Das angenehm plätschernde, catchy Worry Is a Sickness macht sich vorgeblich Sorgen in seiner betörend einnehmenden Komfortzone, das gefällig abholende Let ‚Em Talk begleitet gefühlvoll und exemplarisch fachmännisch arrangiert. Never Get Tired (Of Loving You) findet auf ein Acoustic-Fundament gebaut munteren Poprock mit Handclaps und Firefly mit seinem Besen-Schlagzeug und Klavier viel Romantik, wohingegen das breitbeinige Too Far Gone mit Bar-tauglichem Roadhouse Rock überrascht (und sich dabei zu sehr zieht).

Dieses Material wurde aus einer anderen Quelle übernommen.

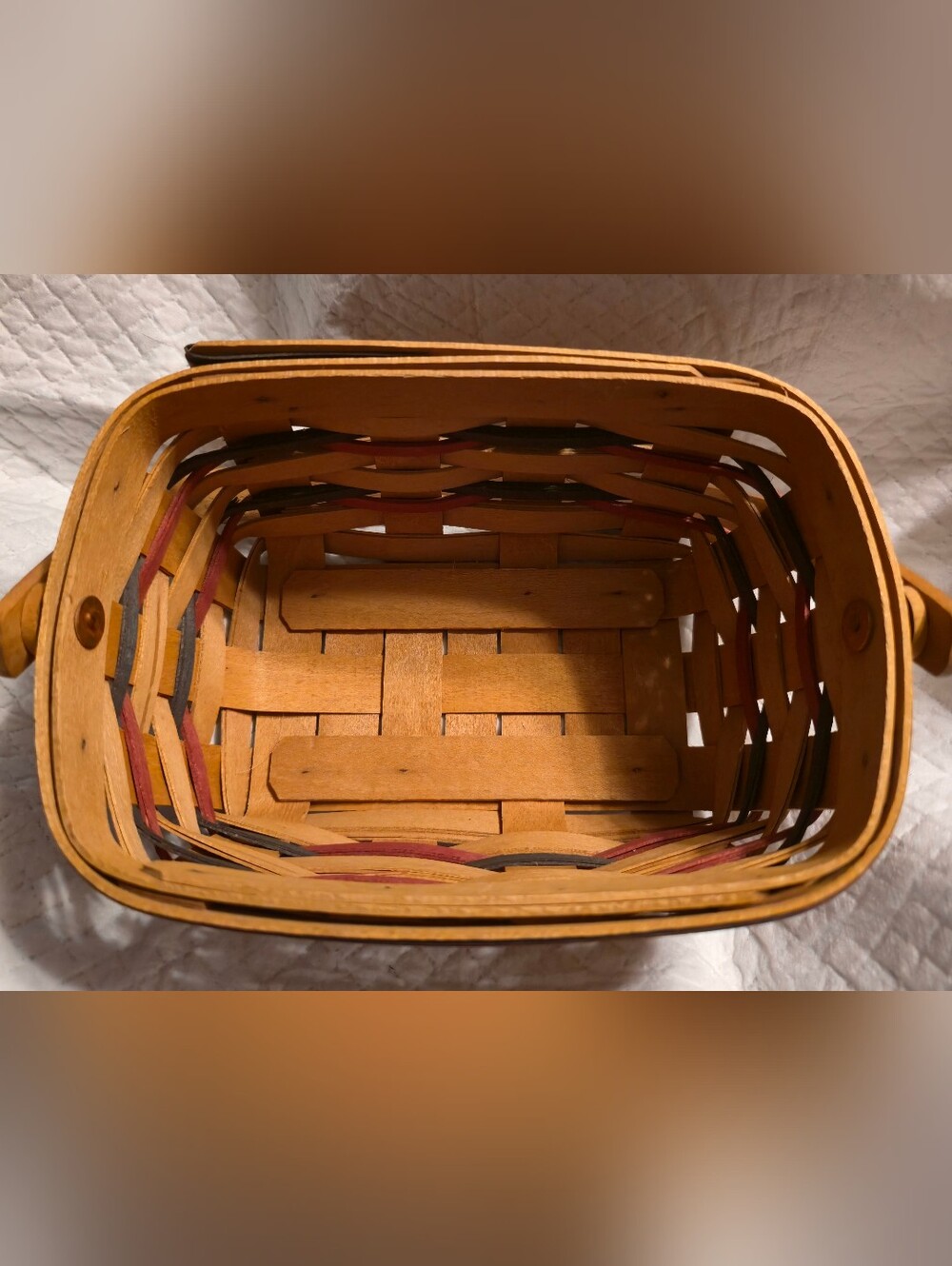 Handwoven 1997 Longaberger Holiday Tea Basket - Picture 3 of 4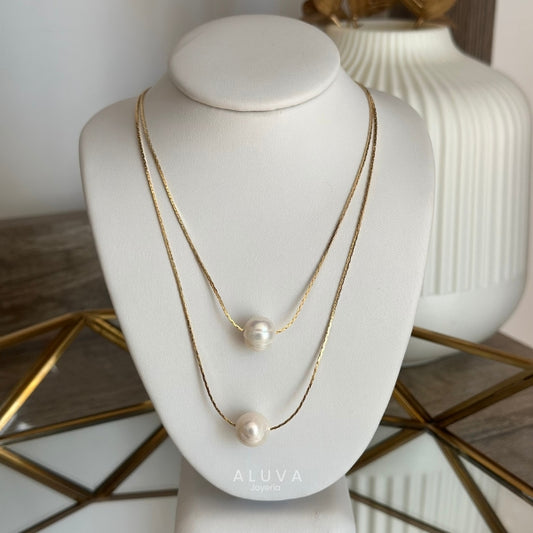 Collar doble perla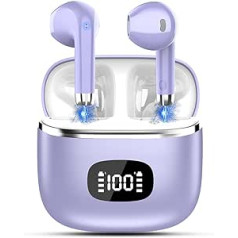 POMUIC Bluetooth Headphones, Wireless Bluetooth 5.3 In-Ear Headphones with 4 ENC Noise Cancelling Mic, 40H Playtime with LED, IP7 Waterproof In-Ear Earphones for Work, Study, Sports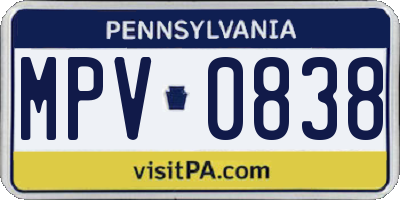 PA license plate MPV0838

Gerade der gelungene Abschluss der Platte sorgt jedoch für eine sehr wohlwollende Meinung: das verträumte Drinkin‘ Alone schippert dem Sonnenuntergang als milder Abspann entgegen und Tie That Binds betrachtet das zurücklegende Werk zufrieden im Americana. Darauf lässt sich aufbauen – wohl am besten, indem das Leben dem jungen Mann und seiner Musik ein paar Ecken und Kanten mit auf den weiteren Weg gibt.